Ernste Themen und Aufklärung im Kabarett verpackt

Unterwössen – Trickbetrug, Schockanrufe, Internetkriminalität: Was sonst in nüchternen Polizeiberichten steht, war Thema einer unterhaltsamen Nachmittagsveranstaltung in der Achentalhalle. Mit Musik, bayerischem Dialekt und seinem Präventionskabarett »Ned mit mir!« brachte Tom Bauer Themen auf die Bühne, die auf den Nägeln brennen. Rund 150 Senioren kamen zur Veranstaltung. Die Quartiersmanagerinnen Ulrike Speicher (Reit im Winkl) und Brigitte Schmitz (Marquartstein und Unterwössen) hatten eingeladen.
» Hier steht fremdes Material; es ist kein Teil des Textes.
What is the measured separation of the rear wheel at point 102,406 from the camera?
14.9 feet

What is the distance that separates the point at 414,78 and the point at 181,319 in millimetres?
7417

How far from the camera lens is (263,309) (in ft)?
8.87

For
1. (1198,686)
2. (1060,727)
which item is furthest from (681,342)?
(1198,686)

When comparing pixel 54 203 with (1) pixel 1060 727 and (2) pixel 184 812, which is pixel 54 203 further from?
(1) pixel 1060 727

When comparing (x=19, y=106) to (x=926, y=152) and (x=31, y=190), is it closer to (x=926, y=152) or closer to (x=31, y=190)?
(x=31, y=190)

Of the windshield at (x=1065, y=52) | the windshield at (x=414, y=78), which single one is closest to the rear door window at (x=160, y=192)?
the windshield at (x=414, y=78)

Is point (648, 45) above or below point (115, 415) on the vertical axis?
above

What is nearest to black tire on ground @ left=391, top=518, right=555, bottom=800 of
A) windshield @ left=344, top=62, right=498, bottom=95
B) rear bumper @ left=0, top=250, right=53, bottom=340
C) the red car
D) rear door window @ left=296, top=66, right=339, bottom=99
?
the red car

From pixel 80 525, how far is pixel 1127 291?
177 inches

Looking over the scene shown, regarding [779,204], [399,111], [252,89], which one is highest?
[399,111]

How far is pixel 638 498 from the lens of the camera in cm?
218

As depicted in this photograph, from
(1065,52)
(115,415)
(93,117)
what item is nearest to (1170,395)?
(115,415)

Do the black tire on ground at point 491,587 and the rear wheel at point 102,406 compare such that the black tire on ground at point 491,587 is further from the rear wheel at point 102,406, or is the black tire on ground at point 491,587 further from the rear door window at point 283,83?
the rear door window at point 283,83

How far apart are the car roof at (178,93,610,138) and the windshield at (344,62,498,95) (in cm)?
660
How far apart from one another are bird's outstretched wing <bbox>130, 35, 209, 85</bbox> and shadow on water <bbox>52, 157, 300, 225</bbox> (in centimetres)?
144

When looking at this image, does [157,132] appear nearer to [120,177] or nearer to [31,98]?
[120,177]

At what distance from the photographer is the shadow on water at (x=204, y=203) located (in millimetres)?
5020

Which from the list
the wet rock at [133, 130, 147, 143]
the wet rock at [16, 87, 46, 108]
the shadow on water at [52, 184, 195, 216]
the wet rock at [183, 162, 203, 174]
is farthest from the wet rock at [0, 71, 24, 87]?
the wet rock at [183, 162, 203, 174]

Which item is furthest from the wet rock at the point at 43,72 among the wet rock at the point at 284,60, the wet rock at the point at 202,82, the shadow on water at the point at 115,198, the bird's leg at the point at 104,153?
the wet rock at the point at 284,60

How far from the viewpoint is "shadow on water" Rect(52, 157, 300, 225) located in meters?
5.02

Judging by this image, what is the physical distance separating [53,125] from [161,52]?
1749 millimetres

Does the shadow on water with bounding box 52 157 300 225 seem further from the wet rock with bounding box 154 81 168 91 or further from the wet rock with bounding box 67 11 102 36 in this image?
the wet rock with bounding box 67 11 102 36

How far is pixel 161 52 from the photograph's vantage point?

Mit einem Sketch eröffnete Tom Bauer das Präventionskabarett. Ein Telefon klingelte, Bauer hob ab: »Hier ist die Polizeihauptkommissarin Müller von der Kriminalpolizei«, erklang die Stimme der kongenialen Sketch-Partnerin Lissi Fritzsch, einer echten Kriminalhauptmeisterin. Sie ist polizeiliche Fachberaterin bei der Kriminalpolizei Miesbach. Es folgte ein absurdes Gespräch über einen angeblichen Einbruch in der Straße. Einbrecher hätten Bauers Adresse auf einem Zettel gehabt. Ein Kollege komme gleich vorbei, um Bargeld und Schmuck »sicherzustellen«. Bauer spielte den ahnungslosen Rentner mit einer Mischung aus Ironie, Verzweiflung und Bauernschläue. »Ich brauch eine neue Identität! Ich muss weg von Unterwössen!«, rief er und erntete Gelächter – und Nachdenklichkeit.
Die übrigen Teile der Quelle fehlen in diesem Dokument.